By the way, this idea of yours is not new or original History is full of people who proposed similar ideas. About 20 years ago, a Communist Party of England-ML (presently known as RCPB-ML) was proposing to pull the workers out of the unions (for the unions are “bourgeois”) and organise them in their “proletarian” “united front” organisations? CPE-ML has changed its name, but you still cannot see much of them, as they remain small. On the other hand, all through the last 20 years, the unions were very much visible. They have an historical base and are well rooted in the class. In spite of some of their leader’s dastardly acts, they remain visible, they remain big and they are the most important mass organisations of the class. Even the bourgeoisie cannot do anything about it. They cannot destroy them, that is why they adapted themselves to the unions and the unions to themselves.
Do not make a theory (for the class) based on your own necessity. If you do, you are bound to fail. I’m sure you do not want that.
B. THE PROGRAM
IWCA’s policy is to have no program.
We are told that, this way, “the sponsors’ collective will” is not imposed on the class and thus the class can “self-determine” itself.
The cheek of these people called Marx and Engels, imposing “the sponsors’ collective will” on the class! For, after all, what is the “Communist Manifesto” if not a program?
It is the same with you. You may declare that the self determination of the class means we do not go to them with a program, that the program is formed in time, through their participation in resistance-or whatever-, but the fact remains that it is you who have formulated this totally “tailist” idea of “self determination”. And thus you have also damaged your own idea of self determination of the class, for you have presented to them “the sponsors’ collective will” on the subject matter of self determination, have you not?.
Either take no ideas to the class-and thus remain true to your idea of self determination (then the bourgeoisie ideas continue to prevail), or take proletarian, Marxist ideas to the class(then you begin to overcome the bourgeoisie ideology in the class). There is no other road, and taking wrong ideas to the class, such as the one you have on “self determination”, only help preserve the bourgeoisie ideology. Surely, you don’t want do that.
So, this is no real ground for not having a program.
If IWCA sees the fact that its ideas on self determination of the class is wrong and gets rid of it, we would still see IWCA defending the policy of no program, for although the ideas on self determination provides some sort of theoretical ground for this policy, the real reason behind this policy is very much practical.
As a matter of fact, it is not true that IWCA has no program.

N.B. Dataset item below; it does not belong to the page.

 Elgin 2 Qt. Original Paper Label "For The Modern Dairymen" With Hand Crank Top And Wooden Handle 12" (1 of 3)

First of all, in the midst of declaring that IWCA has no program, lies a program: It is to unite anti-Labour activists, revolutionaries of many and varied views for common action. It is to build a left organisation, which can be an alternative to the possible shift in the working class to the extreme right. Therefore, not having a program, building the program in time through the involvement of those who take part in resistance in the community is a means to achieve this aim.
In other words, you do have a program as defined above. There goes your policy of no program. There goes, your ideas on self determination-for yet again, you are imposing the “sponsors’ collective will” on the class.
How could you?
Or rather, the fact that, in politics, it is impossible to avoid imposing the “sponsors’ collective will” must have become obvious to the comrades by now. They have not been able to avoid it themselves. No one can. Even the Anarchists, after all this time, have not yet been able to find the magic formula that will help them avoid “sponsors’ collective will” and therefore, to avoid that “damned” state.

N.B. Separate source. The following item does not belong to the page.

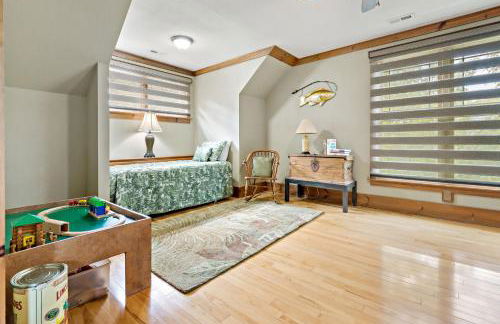 Lakefront Retreat Luxury Home with Private Dock - Photo 31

Furthermore, the sponsors of IWCA also have their own programs. Just because certain views held by these groups are not declared as part of their program, it does not negate the fact that they are part of their program.

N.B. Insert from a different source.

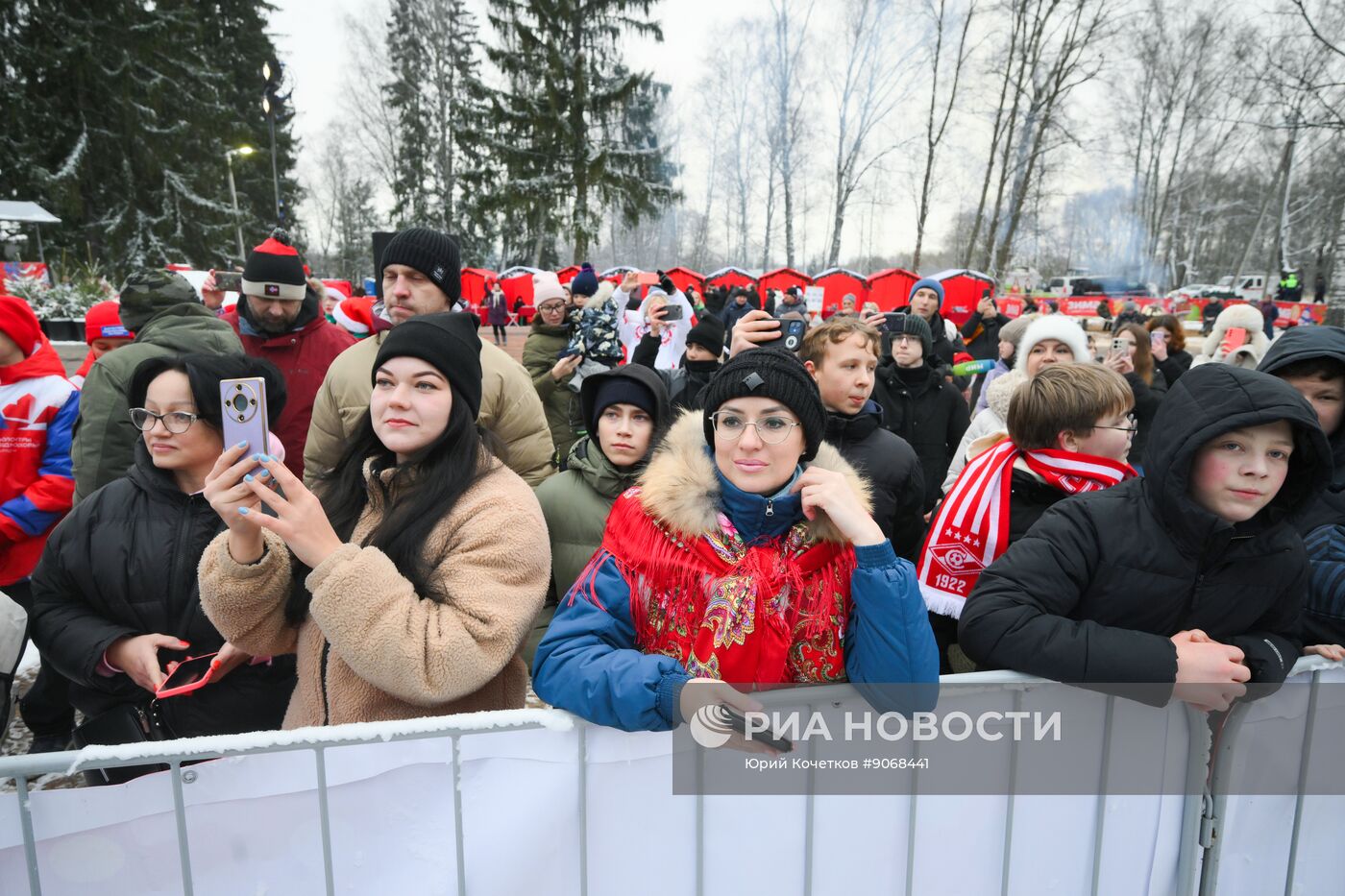Отправка главной новогодней елки страны в Кремль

Why then, is this program formulated as a policy of no program, of building a program relying on local experiences gained in the communities?
In the past, all the different groups fought over a program, over “programmatic issues”. Indeed single groups ended up dividing into two or more on programmatic issues, instead of uniting to do things on the ground. This experience coupled with one’s weakness in the face of huge problems facing us and the class-”the size of the task is a daunting one” indeed- leads to the conclusion that bringing people together around a common program is impossible-and yet we must come together. Therefore: No program.
Yet again, a policy has been formulated based on the conditions comrades find themselves in, but not based on the needs of the class as a whole.
First of all, not having a program is nothing good, especially when it is itself turned into a program, into a theory; when it is declared that it is the way forward; when it is declared that it is the local comrades who will come up with the program during their local struggles and relying on their local experiences. What is forgotten is the simple fact that Karl Marx’s socialism has become a science and has to be treated as one. Experiences of local comrades (especially the experiences of those who are orientated towards the community and away from the unions) are not nearly enough to formulate our program. The whole wealth of the class struggle, past and present, in this country and internationally has to be taken into account when a program is being formulated.
Therefore, the idea that the program will be built through the experiences of the community based local comrades etc. is no ground for a policy of no program.
Secondly, class struggle inevitably leads to a struggle for the program. There is no avoiding it. Political struggle is a struggle of ideas, which are used to organise the class. The world is yet to see a political organisation without political views and therefore without a program of a sort. IWCA has one, its sponsors have theirs. It is simply impossible to avoid having political ideas once one is involved in politics. The moment you say politics you also say political ideas and therefore a program of a sort exists. To be engaged in politics and not to have political ideas and a program of a sort is impossible. And therefore not to have a struggle of these ideas is also impossible.
Therefore, this policy of no program, if it is formulated to unite all the different tendencies, cannot be sustained. It is bound to lead to a clash of ideas, and thus to the break up of the unity.
Therefore, one should find better methods of uniting all these different groups. One that does not lead to disillusionment.
Therefore, two different methods should be utilised at the same time.
1- unity of action on practical issues.
2- struggle of ideas on national-international policies of the class, on questions of the program.
Only then can a unity based on the best political ideas incorporating the experiences of the comrades gained during the struggle can be achieved.
One must also be aware of the fact that, most of the time, it is simply impossible to unite these groupings, precisely because of their political ideas, their inability to look at the class struggle of the proletariat as a whole and thus their inability to comprehend their own role in this struggle.
After all is said, I am not in the least bit opposed to bringing all these groupings together in the localities to do something together without a program.
Yes, indeed, I have nothing against this policy so long as those who formulate it and practise it do not come up with all sorts of wrong policies and theories to justify it. Trial and error is a valid mode of learning. Nothing wrong in trying.
A) do not say being community orientated and being community based is the thing to do, say I am community based and community oriented, there is not much else I can do.
B) do not say not having a program and/or building it through the experience of the community based local comrades is the thing to do, say there is not much else I can do.
C) do therefore say that you shall study the history of the working class movement in all countries and draw the necessary scientific conclusions to be able to see and to show the future to the workers
D) do therefore say that not only will you organise the revolutionaries around a communist program, that as you gain strength, you shall, as you have to, find ways and means of breaking the domination of the trade unionists in the trade union movement.
Then this no program business does not become a theory but a temporary means of achieving a temporary aim. The aim of trying to unite different groups.